DATA PROVIDED:

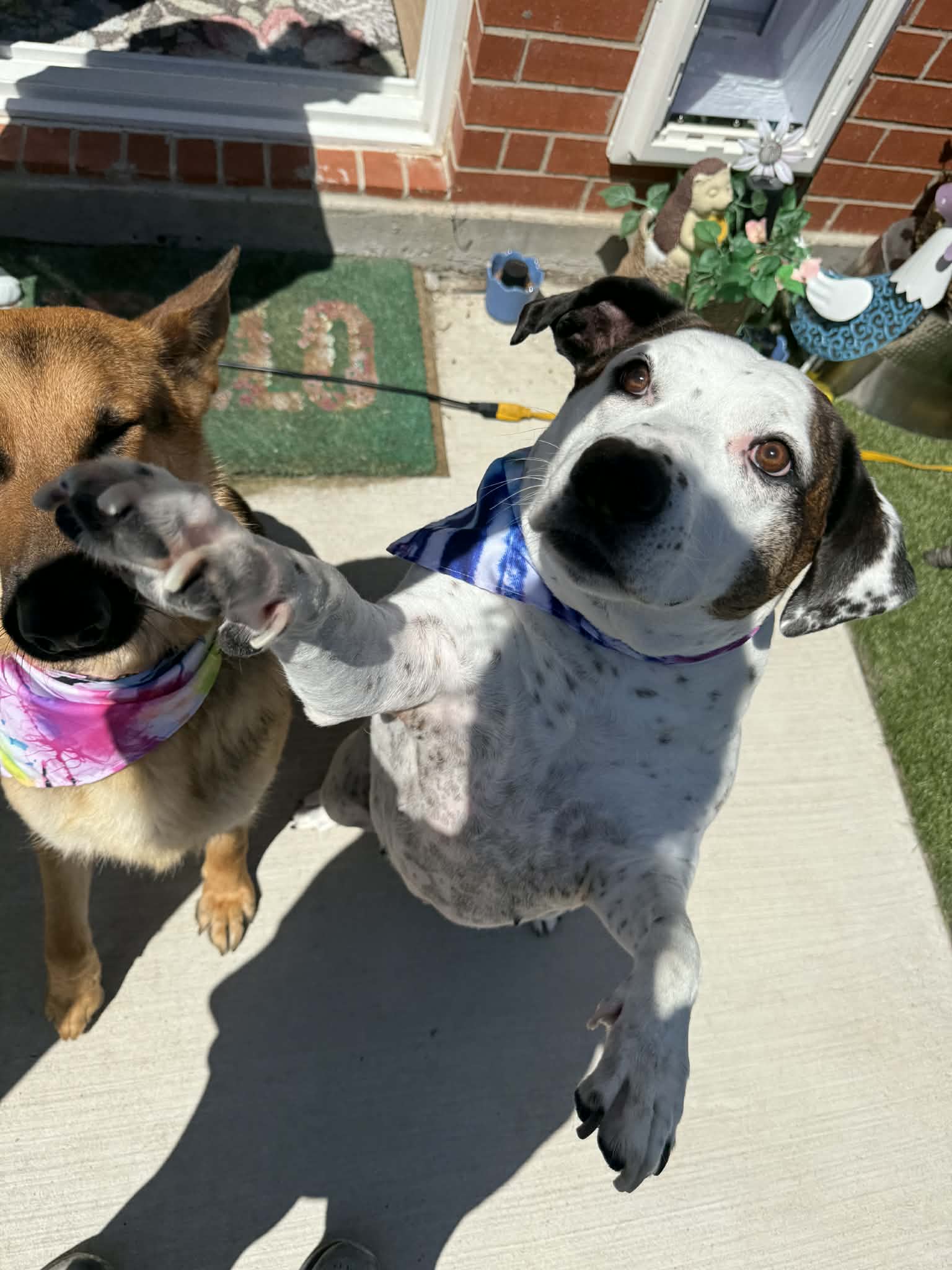 Two dogs with groovy tie-dye bandanas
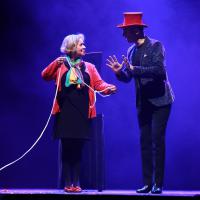 Allan Hart - Stand Up Magique - Rires - Comédie - Magie - interactif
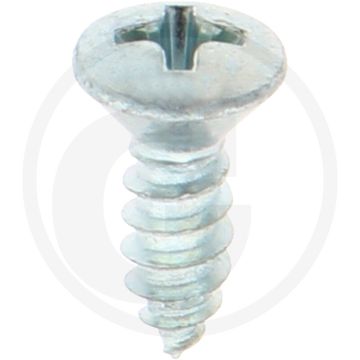 Bolkop plaatschroef 4,2 x 13 DIN 7983 (VPE100)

ASSIGNED TASK:
A faithful copy of all the data above is required, printed exactly and with no pictures.

ANSWER FOR THE TASK:
 Two dogs with groovy tie-dye bandanas
 Allan Hart - Stand Up Magique - Rires - Comédie - Magie - interactif
 Bolkop plaatschroef 4,2 x 13 DIN 7983 (VPE100)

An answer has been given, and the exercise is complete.